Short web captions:
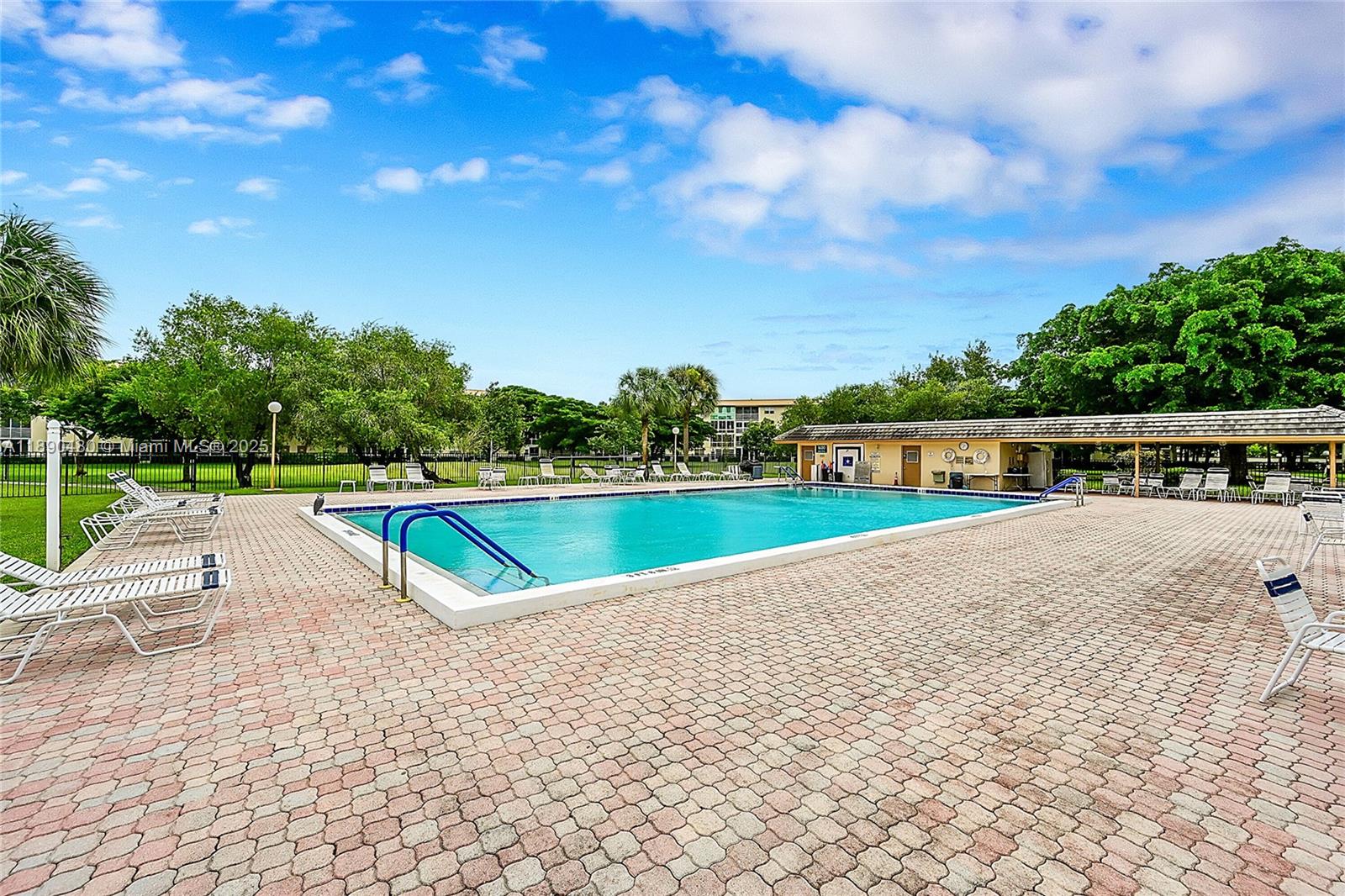 ABACO VILLAGE F CONDO - Residential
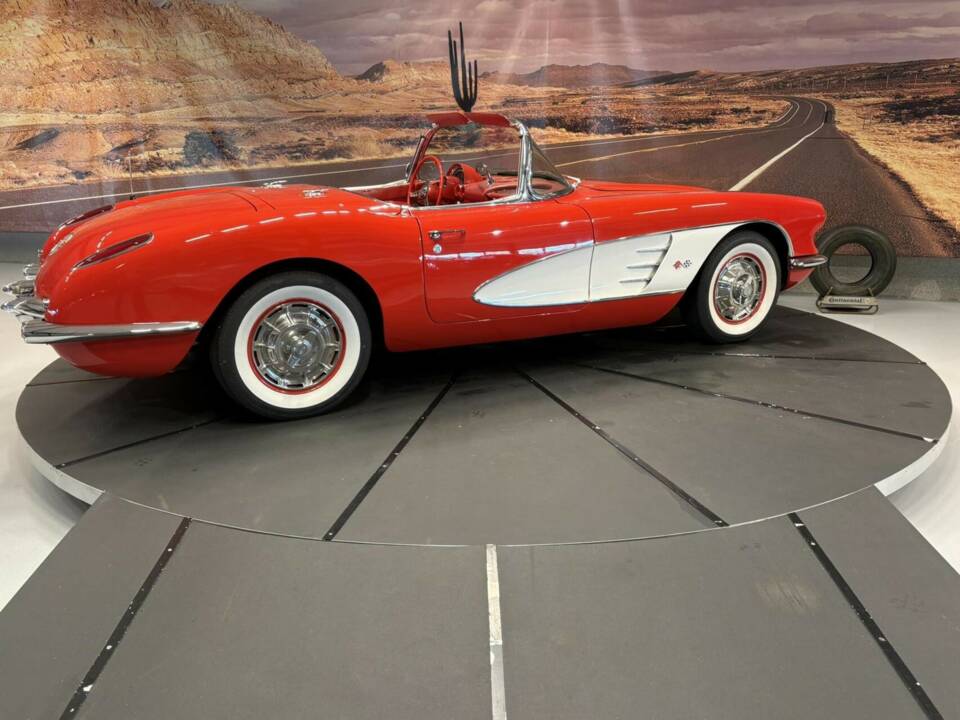 Image 21/50 of Chevrolet Corvette (1959)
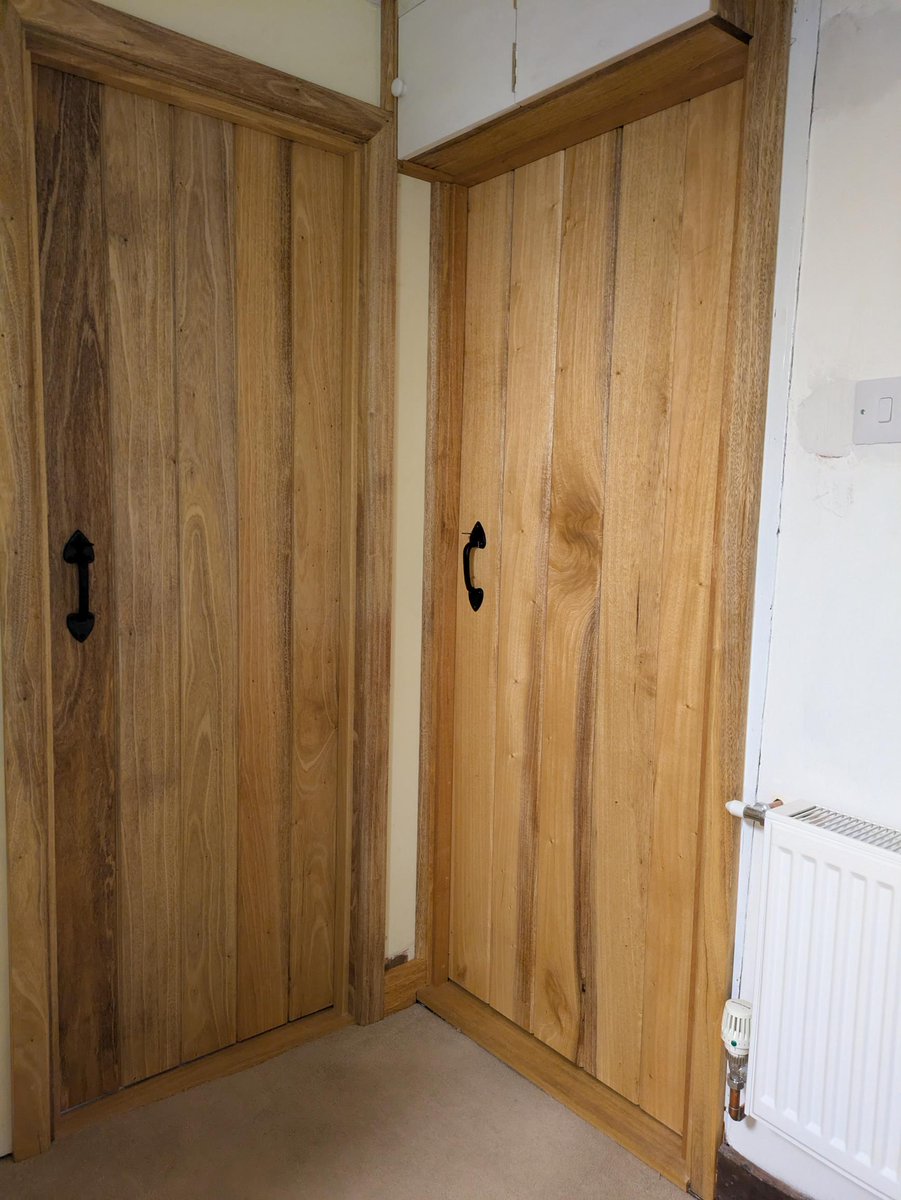 HarlestonJoiner's tweet photo. Recently completed internal Ledged &amp; Boarded Doors. Manufactured in Idigbo Hardwood and finished with a natural oil to show off the wonderful and distinctive patterns of the timber. 
Fitted with hinges &amp; latches from 'From The Anvil' 
😀 https://t.co/c6O6f3TyP0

→ TASK ITEM:
Reproduce the records exactly, images excluded.

→ RESPONSE BELOW:
 ABACO VILLAGE F CONDO - Residential
 Image 21/50 of Chevrolet Corvette (1959)
 HarlestonJoiner's tweet photo. Recently completed internal Ledged &amp; Boarded Doors. Manufactured in Idigbo Hardwood and finished with a natural oil to show off the wonderful and distinctive patterns of the timber. 
Fitted with hinges &amp; latches from 'From The Anvil' 
😀 https://t.co/c6O6f3TyP0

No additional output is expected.